A Federal Judge Ruled NSA Surveillance Legal, Will the Supreme Court Follow Suit? | Motherboard


A Federal Judge Ruled NSA Surveillance Legal, Will the Supreme Court Follow Suit? | Motherboard.

Image via Wikimedia Commons

This morning, US District Judge Willaum Pauley ruled that the National Security Agency’s dragnet phone surveillance is legal—just weeks after US District Court Judge Richard Leon ruled the NSA program was unconstitutional.

According to the Associated Press, Judge Pauley determined the September 11 terrorist attacks might have been prevented if bulk telephone data mining had been in place. In ruling that mass surveillance is legal, Pauley dismissed an ACLU lawsuit that argued the government’s interpretation of the Patriot Act’s powers was far too broad to justify the mass data mining of Americans’ electronic communications.

“The government learned from its mistake and adapted to confront a new enemy: a terror network capable of orchestrating attacks across the world,” wrote Pauley. “It launched a number of counter-measures, including a bulk telephony metadata collection program—a wide net that could find and isolate gossamer contacts among suspected terrorists in an ocean of seemingly disconnected data.”

Could this be a preview of how the Supreme Court might rule on the surveillance question? Judge Leon’s decision, while encouraging to many observers, feels like a judicial anomaly. More often than not, courts favor the US intelligence complex. There is little reason to believe the Supreme Court’s ideologically conservative majority would suddenly reverse course on surveillance.

In February of this year—months before Edward Snowden’s stunning NSA leaks—the Supreme Court dismissed a lawsuit brought by Amnesty International and other groups. The defendants argued that journalists, human rights advocates, and lawyers would be harmed by the NSA’s surveillance of their foreign communications. Judge Samuel Alito, delivering the Supreme Court’s opinion, concluded that the defendants did not have standing. “They cannot demonstrate that the future injury they purportedly fear is certainly impending and because they cannot manufacture standing by incurring costs in anticipation of non-imminent harm,” wrote Alito.
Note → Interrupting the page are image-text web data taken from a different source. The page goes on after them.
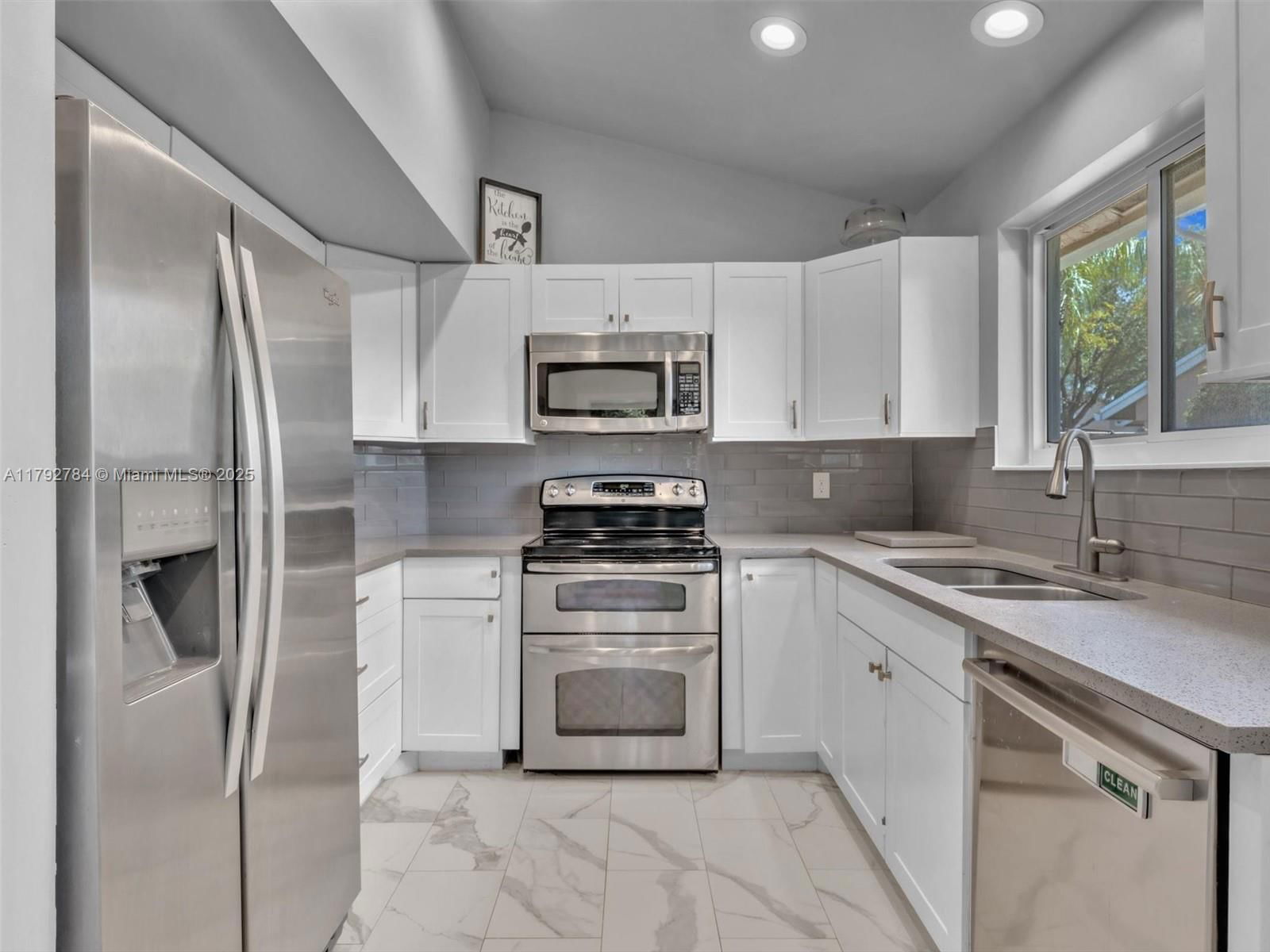 Real estate property located at 2124 Discovery Cir W, Broward, Discovery Pointe, Deerfield Beach, FL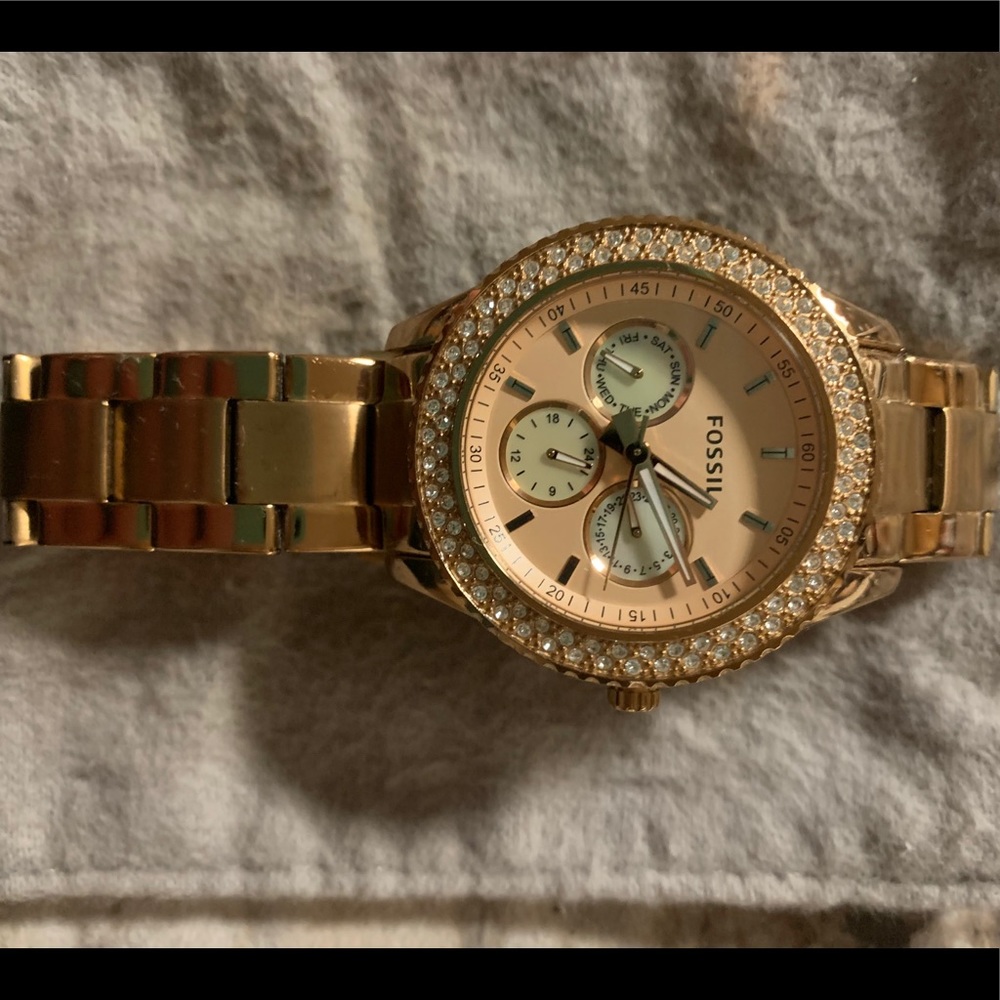 Women’s Rose Gold Fossil Watch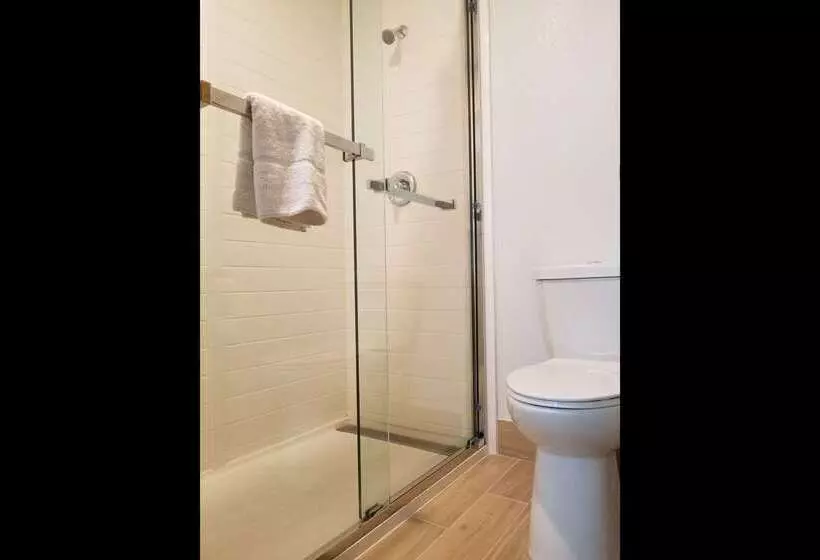 Thea Tacoma, Ascend Hotel Collection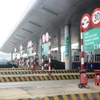 Phương tiện lưu thông qua trạm thu phí tự động không dừng. (Ảnh: Việt Hùng/Vietnam+)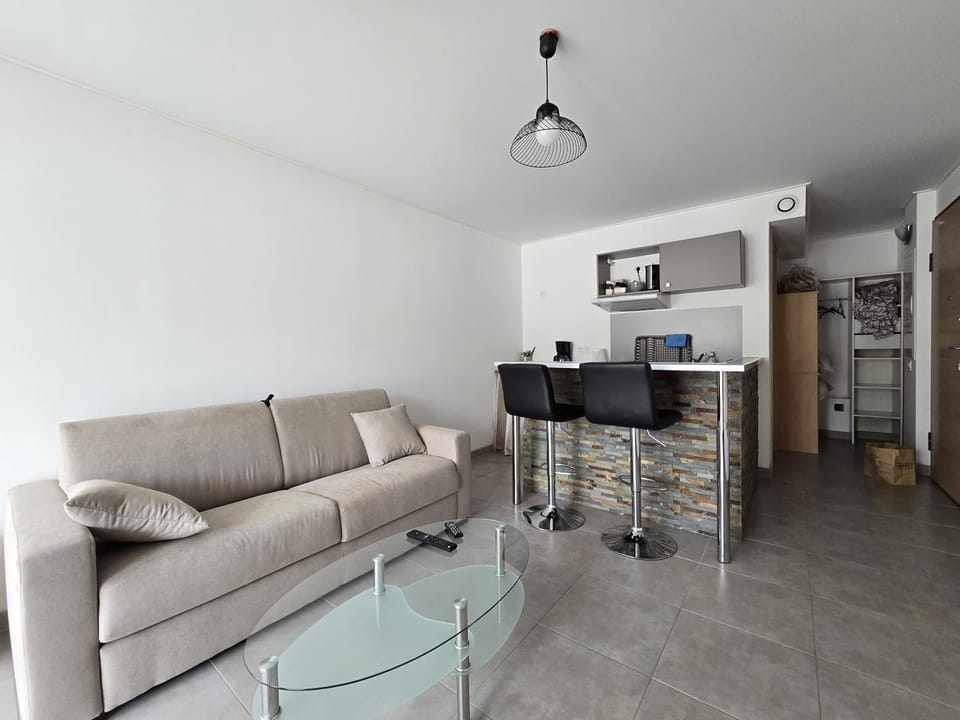 Charmant studio avec extérieur Apartment in Corsica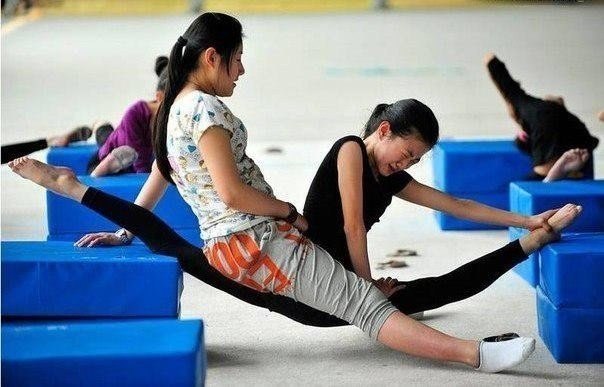 Тренировка китайских гимнасток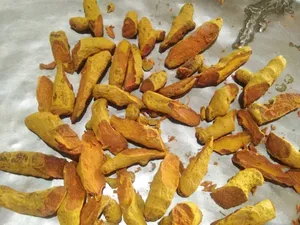 Curcuma Fraîchement Séché en Tranches Qualité Supérieure 100% Naturel Épice Essentielle pour Remèdes Naturels Cuisine Exportation Vente Matière Première Transformée - Product Image 4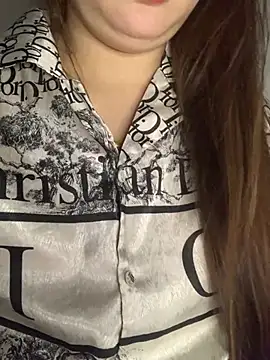 Snapshot of helo-kitty chatting on February 19, 2026, 1:30 pm helo-kitty online show from February 19, 2026, 1:30 pm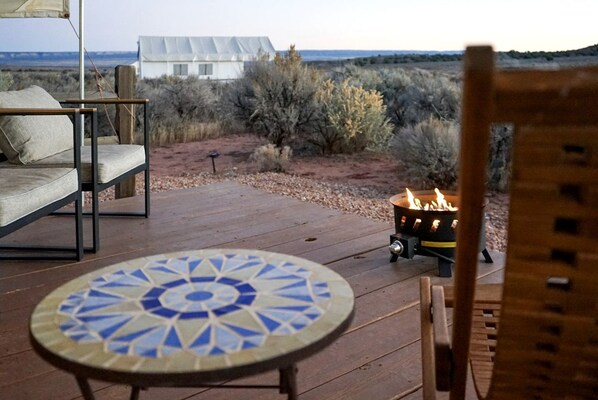 Terrace/patio - Romantic Safari Tent Glamping in Kanab, Utah: Unforgettable Getaway for Two (Kanab)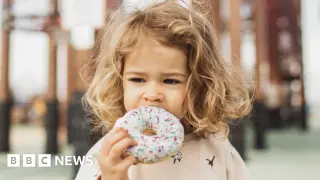Tiny sugar limits in infancy may lower dementia risk, study finds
Justices Stephen Breyer, Sonia Sotomayor, Elena Kagan, and Ruth Bader Ginsberg dissented, questioning the majority’s decision. In their opinion, the defendants might well have standing for “future injury.” The minority also suggested that the defendants could have incurred costs in countering NSA surveillance. The ideological split in the nation’s highest court probably doesn’t bode well for any future Supreme Court case on surveillance.

Add to this the Supreme Court’s November dismissal of an Electronic Privacy Information Center (EPIC) lawsuit claiming the Foreign Intelligence Surveillance Court (FISC) exceeded its legal authority in ordering Verizon to hand over telephone metadata. EPIC, as a Verizon customer, argued that it had legal standing, and was harmed by Verizon’s data handover, an argument that did not sway the court. This was the Supreme Court’s first opportunity to address NSA surveillance in the wake of Snowden’s leaks, and they brushed it aside.

While multiple surveillance reform bills are in committee on Capitol Hill, this could be exactly what some government officials want. A pro-surveillance Supreme Court ruling would effectively take the power out of the hands of legislative reformers. Senator Dianne Feinstein, who crafted her own bill to preserve and enhance the NSA’s powers, suggested as much in her response to Leon’s ruling.

“Only the Supreme Court can resolve the question on the constitutionality of the NSA’s program,” Feinstein wrote in a statement. “I welcome a Supreme Court review since it has been more than 30 years since the court’s original decision of constitutionality, and I believe it is crucial to settling the issue once and for all. In the meantime, the call records program remains in effect.”

When a pro-surveillance legislator like Feinstein calls for a Supreme Court case on the issue, it suggests confidence that the court will tow the government line. So, if the Supreme Court takes up surveillance in 2014, we could see the court’s recent surveillance rulings and Judge Pauley’s decision dictate their decision. And if the high court does rule surveillance constitutional, we’ll all suffer the consequences.